5 Dec 2025
A new plan for a major wind farm and battery system in highly sensitive Scottish Borders countryside has deepened community fears about the unprecedented industrialisation of their landscape.
A planning application for the Mid Hill wind farm southwest of Hawick, including 13 turbines up to 200 metres tall and an energy storage facility, has been lodged with the Scottish Government’s Energy Consents Unit (ECU).
This latest submission adds to a relentless wave of wind farm projects across the Borders which many residents say is unfair and unsustainable.
The proposal lies within the safeguarding zone for the UK’s seismic array monitoring station at Eskdalemuir, with turbines planned between 15 km and 17 km from the globally significant facility.

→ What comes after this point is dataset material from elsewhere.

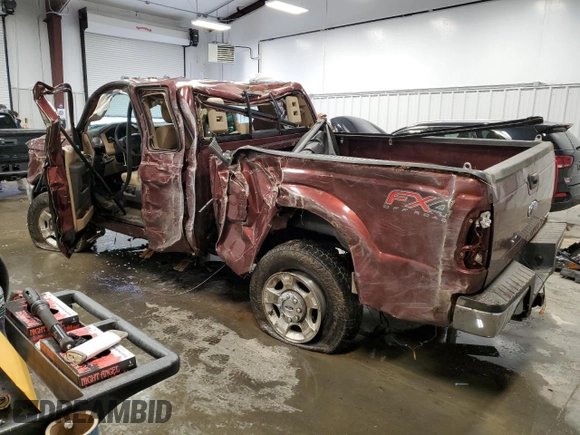 2015 Ford F-250 XLT z VIN 1FT7X2B61FED02464, wystawiony jako Copart lot #51217505 z przebiegiem 159 967 mil mil oraz Szkoda całkowita • Salvage title. Historia ofert i sprzedaży dostępna na DreamBid. Obrazek 2.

The station run by the Ministry of Defence and is the only one in the UK, part of a worldwide network used to detect nuclear tests carried out anywhere in the world and depends on an environment with minimal interference.
A 10 km exclusion zone and a 50 km safeguarding zone were established to prevent wind turbine development because the vibrations disrupt the collection of seismic data, restrictions which remain fully in force.
Following sustained lobbying from renewable energy developers, the UK and Scottish Governments convened the Eskdalemuir Working Group to re-examine the current limits and the group is now working to produce updated guidance on managing nearby wind farm development.
Sarah St Pierre from the Borthwickwater Landscape Conservation Group said: “This region has been inundated with large-scale wind farm plans. Now, to satisfy industry demands, we are being asked to sacrifice not only our landscape but a critical part of the international security network that monitors nuclear activity in states such as Iran, North Korea, China and Russia. For what? A handful of additional turbines in an area already overloaded with them.
“The Borders has done more than its fair share. The system is saturated, the national grid struggles with oversupply, and communities feel ignored. More turbines here simply are not necessary.”